The Sientra Core Study was a 10-year, open-label, prospective, multicenter clinical study designed to assess the safety and effectiveness of Sientra’s breast implants in augmentation and reconstruction. A total of 1,788 patients (3,506 implants) were enrolled, including 1,116 primary augmentation, 363 revision-augmentation, 225 primary reconstruction, and 84 revision-reconstruction.

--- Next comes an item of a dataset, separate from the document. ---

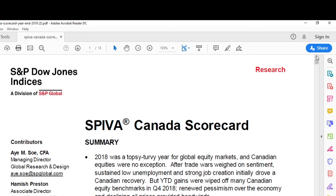Welcome to the SPIVA Canada Scorecard. This is the data. We have the theory, and this is the data. You can get the data in a lot of places, but the SPIVA reports organize the data in a very interesting way and it's easy to understand. So I use the SPIVA reports.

Across all cohorts, the rate of rupture by patient was 8.6%, the rate of Baker grade III/IV capsular contracture was 13.5%, and the rate of reoperation was 31.5%. The rate of capsular contracture was statistically significantly lower for textured devices [9.0%; 95% confidence interval (CI), 7.0–11.5%] compared with smooth devices (17.5%; 95% CI, 14.9–20.4%). There were no cases of breast implant–associated anaplastic large cell lymphoma. Primary reasons for reoperations included capsular contracture (18.8%), and style/size change (19.3%), with over 50% of the reoperations due to cosmetic reasons.
The 10-year results of Sientra’s Core Study support a comprehensive safety and effectiveness profile of Sientra’s portfolio of round and shaped breast implants.